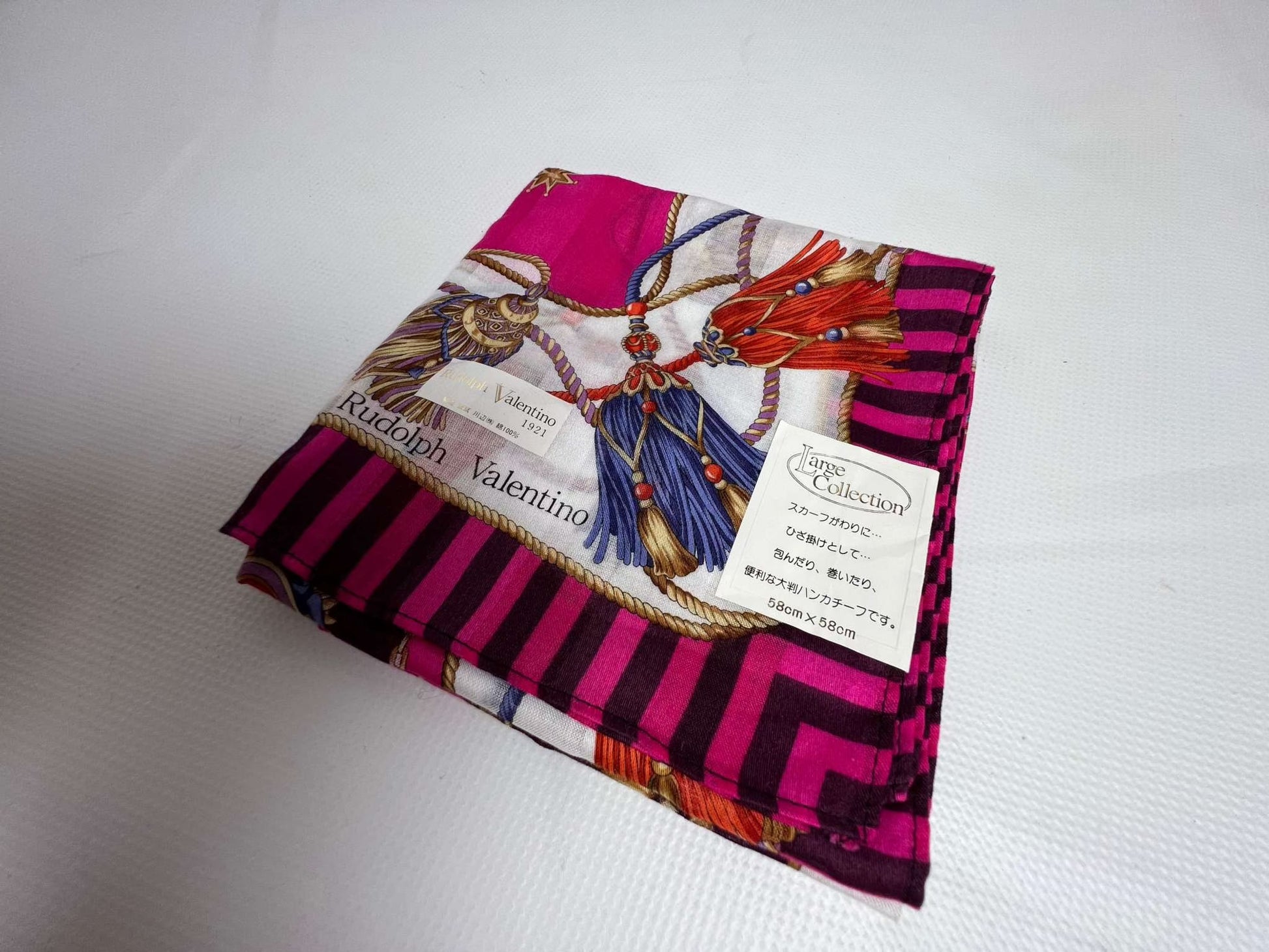 RUDOLPH VALENTINO Scarf | LAYZSSHOP | Rudolph Valentino Vintage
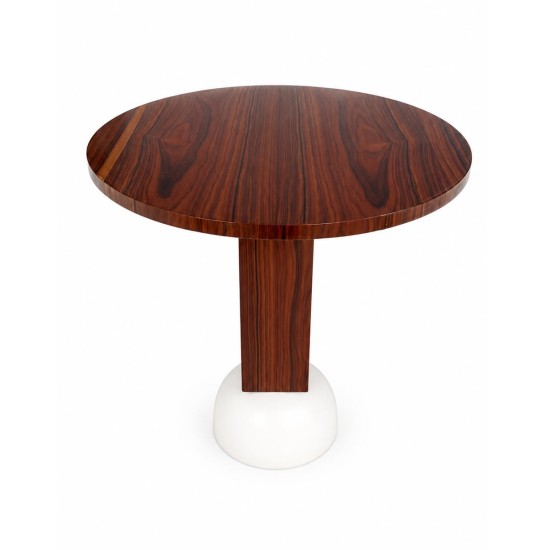 Art Deco Inspired Sculptural Side Table
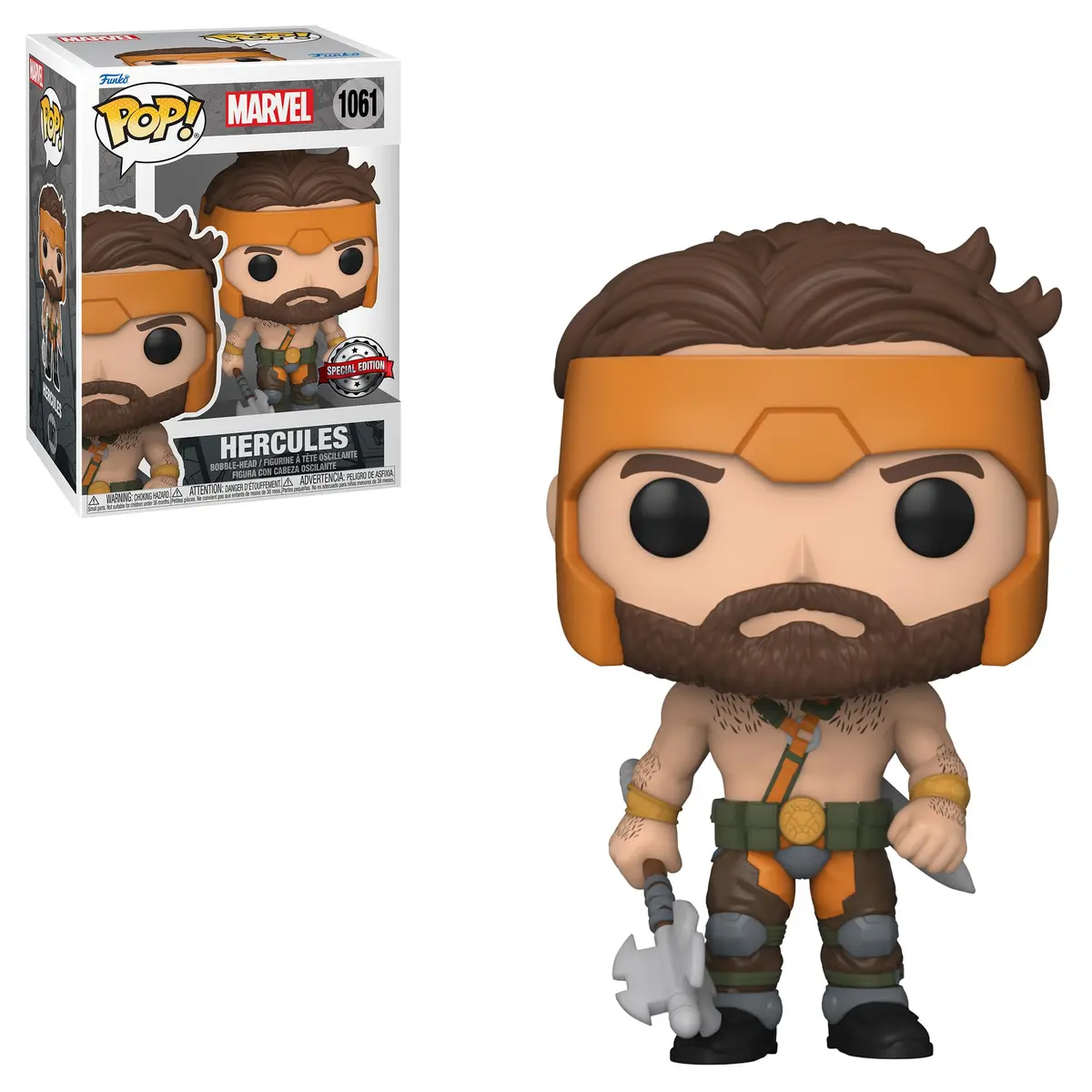 Funko POP Marvel: The Incredible Hercules (Special Edition Exclusive) Vinyl Figurine 10.7cm (4.2 inches) | Marvel Action Hero Collectible - view 3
■ ■ ■ ■ ■
• [Activity]
Produce the material above again in full, with identical lines and no pictures.

• [Result below]
 RUDOLPH VALENTINO Scarf | LAYZSSHOP | Rudolph Valentino Vintage
 Art Deco Inspired Sculptural Side Table
 Funko POP Marvel: The Incredible Hercules (Special Edition Exclusive) Vinyl Figurine 10.7cm (4.2 inches) | Marvel Action Hero Collectible - view 3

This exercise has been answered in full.